Figure 4.19: A tree with the maximum possible number of edges, $\mathbf{E}_{v, \text { max }}$, for a fixed number of terminal vertices $\mathbf{T}_{v} ;\left|\mathbf{T}_{v}\right|=9$ in this example.

Substituting (4.79) into (4.77):

$$
\begin{equation*}
\left|\mathrm{E}_{v, \max }\right|=2\left|\mathbf{T}_{v}\right|-3 \tag{4.80}
\end{equation*}
$$

## End of Lemma 4.1.

Let $G_{v, \text { max }}=G\left(\left[\mathbf{T}_{v}^{T} ; \mathbf{U}_{v, \text { max }}^{T}\right]^{T}, \mathbf{E}_{v, \text { max }}\right)$ be the tree with the maximum number of edges, as described in Lemma 4.1. The structure of $G_{v, \text { max }}$ depends only on the value of $\left|\mathbf{T}_{v}\right|$. Categorically, $G_{v, \text { max }}$ is the Caterpillar tree [HS73] with internal vertices $\mathbf{U}_{v, \text { max }}$ along a central path and terminals $\mathbf{T}_{v}$ as leaves.

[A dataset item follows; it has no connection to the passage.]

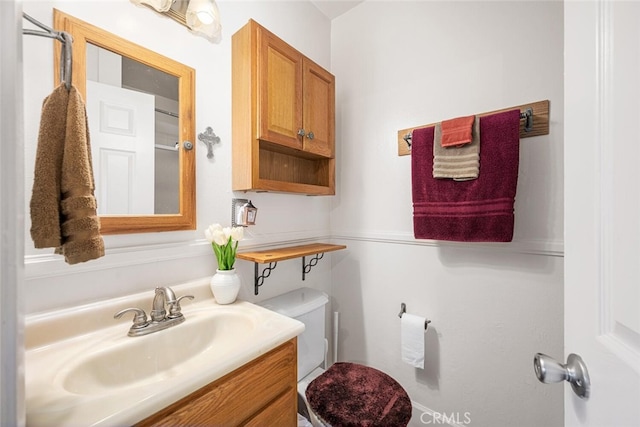 7028 E Parkcrest St, Long Beach, CA 90808 - bathroom with toilet and vanity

Figure 4.19 illustrates $G_{v, \text { max }}$ for $\left|\mathbf{T}_{v}\right|=9$.
Let $\chi_{v}=\chi_{v, \text { max }}$ be the indicator matrix corresponding to the graph $G_{v, \text { max }}$ according to the definition in (4.73). From (4.55) and (4.80), the dimensions of $\chi_{v, \text { max }}$ are $\left|\frac{\left|\mathbf{T}_{v}\right| \cdot\left(\left|\mathbf{T}_{v}\right|-1\right)}{2}\right| \times\left(2\left|\mathbf{T}_{v}\right|-3\right)$. Furthermore, $\chi_{v, \max }$ has full column rank when the underlying field is $\mathbb{R}$. Let $\mathbf{R}_{\mathrm{E}, v, \max }$ be the vector of edge resistances in the graph $G_{v, \text { max }}$.

Assumption 2: Prior to solving problem (4.69), each of the original graphs, $G_{v}$, is replaced by the corresponding Caterpillar tree, $G_{v, \text { max }}$. Algebraically, this means the domain of effective resistance vector $\mathbf{R}_{v}$ (with $v \in \mathcal{V}$ ) is restricted to $\operatorname{col}\left(\chi_{v, \max }\right)$.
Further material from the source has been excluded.